(RxWiki News) Coronary bypass surgery and angioplasty are two leading treatments for heart disease. A new method may help predict which option will be best for each patient.
If the fatty, waxy substance called plaque builds up in the arteries, it blocks the flow of blood and can lead to a heart attack, heart failure or sudden death. Surgery and angioplasty are two effective means to treat the problem.
A new online tool may help doctors decide which procedure would be optimal for each patient, according to a recent study.
"Carefully assess methods for treating heart disease."
Mark Hlatky, MD, professor of medicine and of health research and policy at Stanford University in Palo Alto, California, worked with a team to develop an interactive online tool to help clinicians assess which type of intervention would increase the chances of a patient living longer.
Drawing on Medicare records of more than 100,000 patients with heart disease, the scientists observed that the results of coronary bypass surgery varied widely depending on each individual's characteristics.
Using this data, researchers found that they could evaluate patients on a half dozen traits. These traits include gender, age, diabetes status and smoking history.
Then, based on these characteristics, it could be determined if a patient would have a better outcome from surgery or angioplasty, according to Dr. Hlatky and his team.
In addition, the scientists developed the Coronary Heart Disease Procedure Calculator. This statistical tool compares the five-year outcomes for two heart disease interventions: coronary artery bypass graft (CABG) surgery and percutaneous coronary intervention (PCI), also called angioplasty.
Coronary bypass surgery requires a large chest incision to reach the affected arteries, and is sometimes necessary for patients with multiple blocked arteries.
Other times, the less-invasive coronary angioplasty can be performed. Angioplasty involves threading a thin tube called a catheter through the blood vessels to the site of the blockage and inflating a small balloon to widen the artery. Then, in most cases, a stent (small mesh tube) is inserted to keep the vessel open.
The online calculator is applicable to patients between the ages of 66 to 90 years with blockages in multiple arteries. The website stresses that the results are to be used for informational purposes only.
Dr. Hlatky said the study results could help doctors make better, more refined decisions about the treatments likely to be most effective for individual patients, rather than relying on medical guidelines that work best for the “typical patient.”
“If we could identify the individuals in the population who would benefit the most, and target treatment more precisely, we could have really good outcomes at much lower cost,” Dr. Hlatky said.
He added that this tool could be adapted to study other treatments for heart disease, and even treatments for other conditions, such as cancer and stroke.
The study showed that patients with severe heart disease—those who had two or more blocked arteries—lived longer, on average, when treated with coronary bypass surgery instead of angioplasty. Although, how much longer they lived varied widely.
For patients with certain conditions – including diabetes, heart failure, peripheral arterial disease, a history of smoking and a recent heart attack – coronary bypass surgery extended life by a few weeks to a few months beyond how long they would have been expected to live had they undergone angioplasty.

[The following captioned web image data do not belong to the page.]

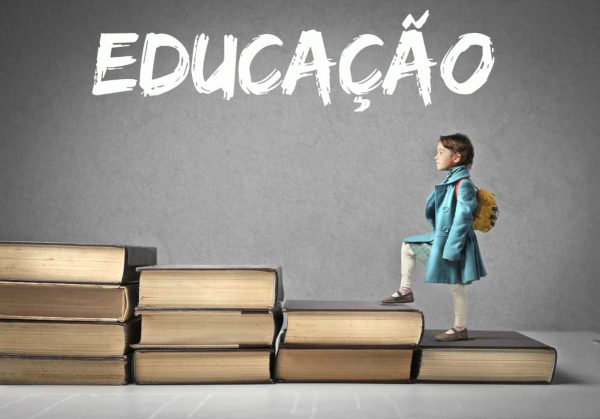 prefeitos valor investimento educação 2020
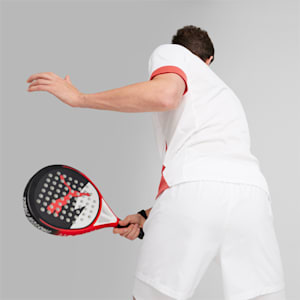 Individual Racquet Sports Men's Jersey, Cheap Jmksport Jordan Outlet injex White, extralarge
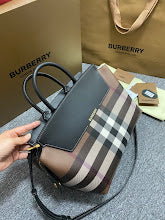 new-luxury-designer-bags-nm5677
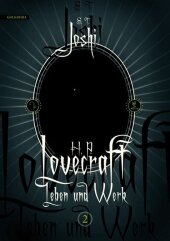 H. P. Lovecraft - Leben und Werk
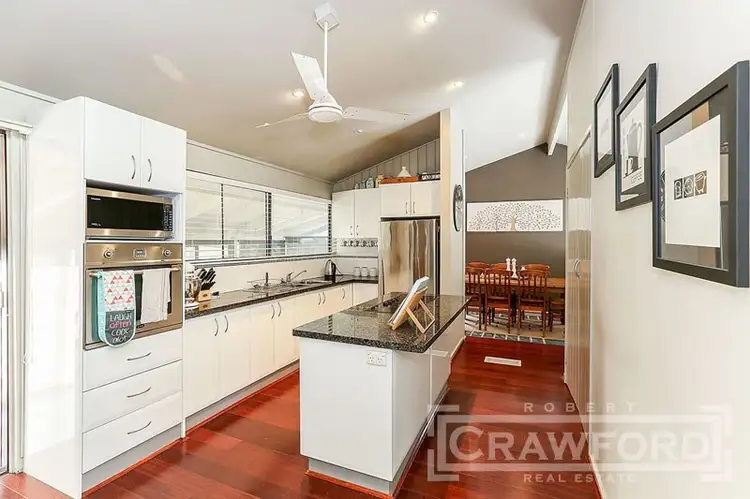 Sixth view of Homely house listing, 165 Elermore Parade, Wallsend NSW 2287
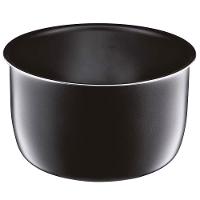 Panela Elétrica de Arroz Mondial Bianca Rice PE-10 10 Xícaras - Branca - 7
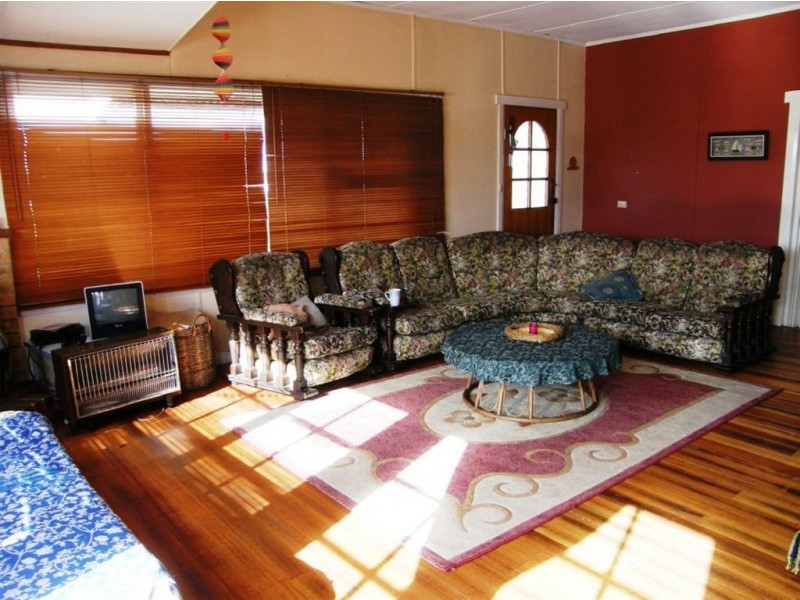 117 Main Street, Bridport TAS 7262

On the other hand, patients without any of these conditions lived longer if they had angioplasty instead of surgery.
To make accurate comparisons between procedures, Dr. Hlatky said that they tried to find “medical twins”—two people who looked alike medically, but one of whom got coronary bypass surgery and one of whom got an angioplasty. If factors such as medical condition, age, race or the part of the country they lived in were the same, then any differences in outcomes could more certainly be attributed to the procedure, according to the authors.
The study was published April 23 in the Annals of Internal Medicine.
Researchers at the University of California, San Francisco and Kaiser Permanente Northern California were also involved in the research. The study was funded by the National Heart, Lung, and Blood Institute.